I will expand the scoring system to handle multiple contribution types, improve performance, and ensure real-time or near real-time updates, while also optimizing the duplicate reference feature to handle edge cases effectively.

Weeks 11–12

In the final phase, I will focus on thorough testing, debugging, performance improvements, and writing clear documentation for both features.

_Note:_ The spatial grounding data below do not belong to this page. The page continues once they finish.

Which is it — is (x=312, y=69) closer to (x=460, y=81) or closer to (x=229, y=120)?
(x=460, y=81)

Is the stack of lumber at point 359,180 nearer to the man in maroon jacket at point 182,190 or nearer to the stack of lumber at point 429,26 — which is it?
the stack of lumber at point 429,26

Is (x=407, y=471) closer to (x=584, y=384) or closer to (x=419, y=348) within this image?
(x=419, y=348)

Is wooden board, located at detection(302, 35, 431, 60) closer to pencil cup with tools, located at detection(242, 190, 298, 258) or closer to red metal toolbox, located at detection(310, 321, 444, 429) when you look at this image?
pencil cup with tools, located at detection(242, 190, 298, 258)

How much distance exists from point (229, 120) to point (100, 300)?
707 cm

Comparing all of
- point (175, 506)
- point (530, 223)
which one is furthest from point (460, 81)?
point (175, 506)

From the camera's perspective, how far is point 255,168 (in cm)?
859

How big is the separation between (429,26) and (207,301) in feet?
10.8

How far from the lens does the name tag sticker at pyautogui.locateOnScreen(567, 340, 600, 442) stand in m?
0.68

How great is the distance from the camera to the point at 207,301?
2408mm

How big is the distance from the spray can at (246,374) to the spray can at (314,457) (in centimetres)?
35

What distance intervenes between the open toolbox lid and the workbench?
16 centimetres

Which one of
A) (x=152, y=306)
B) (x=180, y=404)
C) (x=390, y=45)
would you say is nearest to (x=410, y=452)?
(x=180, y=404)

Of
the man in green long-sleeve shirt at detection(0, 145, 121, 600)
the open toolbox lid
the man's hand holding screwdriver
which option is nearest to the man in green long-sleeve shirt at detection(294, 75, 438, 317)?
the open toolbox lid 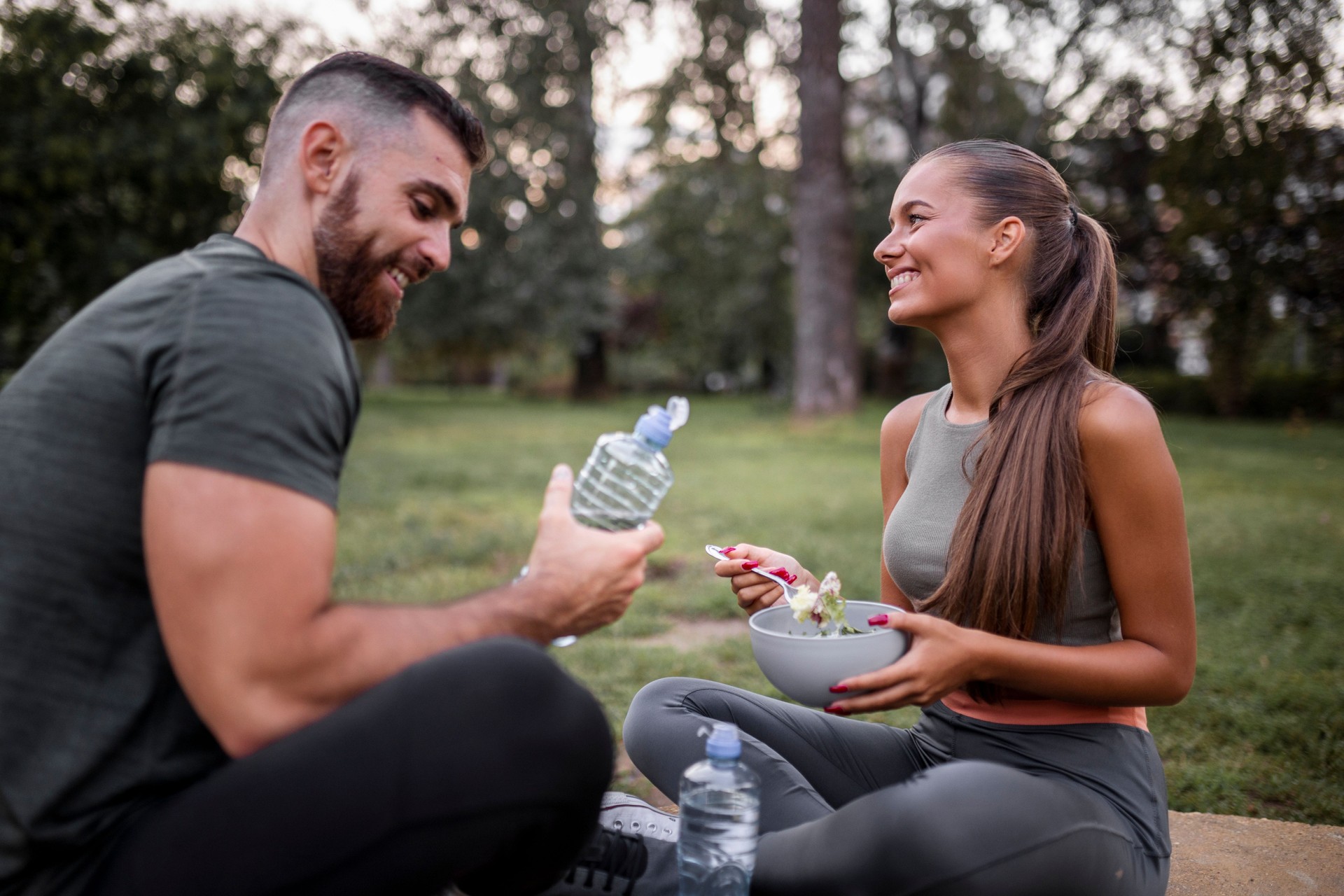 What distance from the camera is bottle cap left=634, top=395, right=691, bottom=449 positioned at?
1.67m

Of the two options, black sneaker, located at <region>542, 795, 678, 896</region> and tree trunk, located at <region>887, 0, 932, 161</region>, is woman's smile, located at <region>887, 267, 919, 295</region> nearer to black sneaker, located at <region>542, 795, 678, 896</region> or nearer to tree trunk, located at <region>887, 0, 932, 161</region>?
black sneaker, located at <region>542, 795, 678, 896</region>

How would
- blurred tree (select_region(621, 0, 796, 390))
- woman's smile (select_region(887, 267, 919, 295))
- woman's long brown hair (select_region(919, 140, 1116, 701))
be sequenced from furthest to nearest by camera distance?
blurred tree (select_region(621, 0, 796, 390)) < woman's smile (select_region(887, 267, 919, 295)) < woman's long brown hair (select_region(919, 140, 1116, 701))

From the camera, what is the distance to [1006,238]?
216 cm

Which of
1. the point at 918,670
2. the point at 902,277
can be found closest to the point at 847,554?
the point at 902,277

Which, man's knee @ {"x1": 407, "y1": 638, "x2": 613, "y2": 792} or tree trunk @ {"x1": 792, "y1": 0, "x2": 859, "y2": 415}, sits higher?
tree trunk @ {"x1": 792, "y1": 0, "x2": 859, "y2": 415}

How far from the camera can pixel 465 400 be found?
2905 centimetres

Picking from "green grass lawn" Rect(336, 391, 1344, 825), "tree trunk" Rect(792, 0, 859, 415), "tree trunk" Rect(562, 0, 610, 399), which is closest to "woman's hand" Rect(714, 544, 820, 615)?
"green grass lawn" Rect(336, 391, 1344, 825)

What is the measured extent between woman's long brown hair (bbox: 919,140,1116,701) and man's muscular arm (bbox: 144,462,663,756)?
1163 mm

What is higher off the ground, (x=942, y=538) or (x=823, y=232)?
(x=823, y=232)

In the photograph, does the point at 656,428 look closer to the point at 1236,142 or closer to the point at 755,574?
the point at 755,574

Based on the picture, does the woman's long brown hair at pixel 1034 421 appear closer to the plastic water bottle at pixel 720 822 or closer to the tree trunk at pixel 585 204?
the plastic water bottle at pixel 720 822

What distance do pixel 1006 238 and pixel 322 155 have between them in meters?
1.50

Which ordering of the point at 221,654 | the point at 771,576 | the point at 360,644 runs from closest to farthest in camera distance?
1. the point at 221,654
2. the point at 360,644
3. the point at 771,576

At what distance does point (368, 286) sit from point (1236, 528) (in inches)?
292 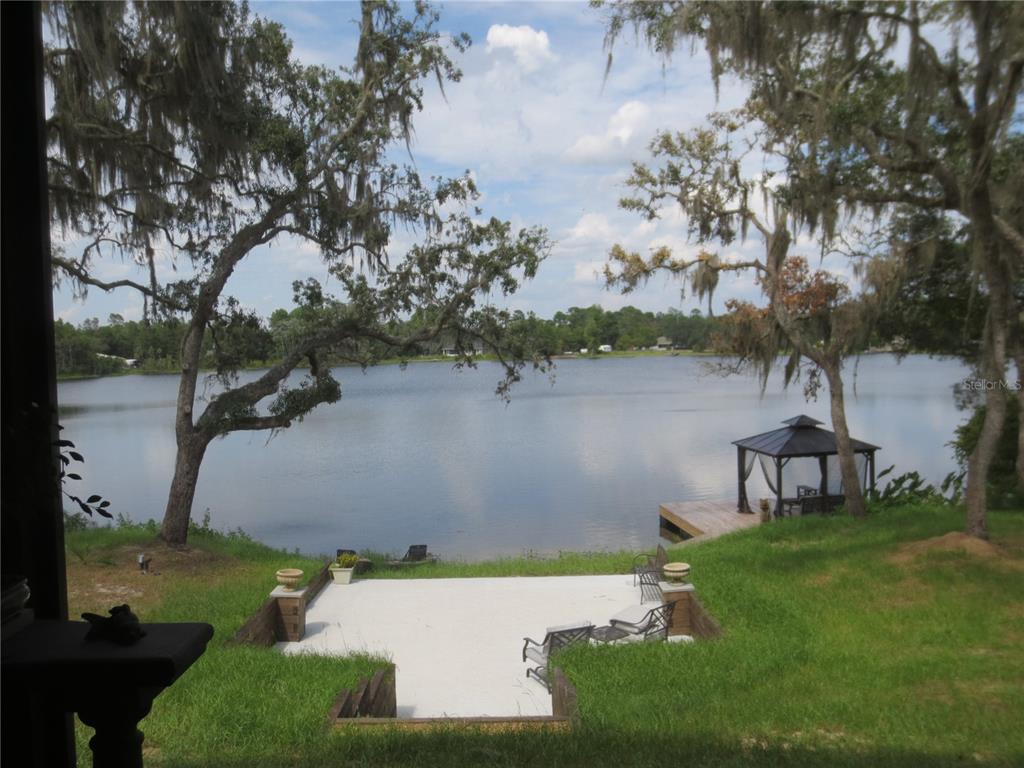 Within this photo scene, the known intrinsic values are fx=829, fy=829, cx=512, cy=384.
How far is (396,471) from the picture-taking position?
76.6ft

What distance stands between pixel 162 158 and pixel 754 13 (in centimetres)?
608

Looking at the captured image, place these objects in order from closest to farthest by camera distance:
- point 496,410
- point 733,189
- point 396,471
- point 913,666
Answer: point 913,666
point 733,189
point 396,471
point 496,410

Throughout the internship, I will maintain consistent communication with mentors, actively incorporate feedback, and adapt my approach to ensure steady progress and meaningful contributions aligned with the project goals.


Why I am a Strong Fit

I focus on building practical and user-friendly solutions. My experience with JavaScript and frontend development helps me understand how features should behave from a user’s perspective, especially in interactive environments like the Visual Editor.

I am comfortable working with dynamic data, handling edge cases, and improving user experience. I am also eager to learn and adapt, especially when working with APIs and new technologies.

I am confident in my ability to contribute effectively, learn quickly, and deliver a well-integrated solution.

Event Timeline

URLs → remove protocol, “www”, trailing slashes

This seems like a bad idea, because a different URL on a different protocol may well be a different site. (The http/https versions rarely differ, but sites where the www/plain versions are different are quite common. And the trailing slash is genuinely a different path.)

Gopavasanth subscribed.

Thank you for your proposal and the effort you put into it. This year we received over 20 strong applications, and after a highly competitive review, we were unfortunately unable to offer you a slot.

Please don't see this as a failure, many contributors who weren't selected for Outreachy have gone on to make meaningful, lasting impact in the Wikimedia community, and we genuinely hope you'll stay engaged. You're very welcome to continue contributing outside of Outreachy. Our mentors and org admins are happy to help you get started or keep going:

We hope to see you around in the community.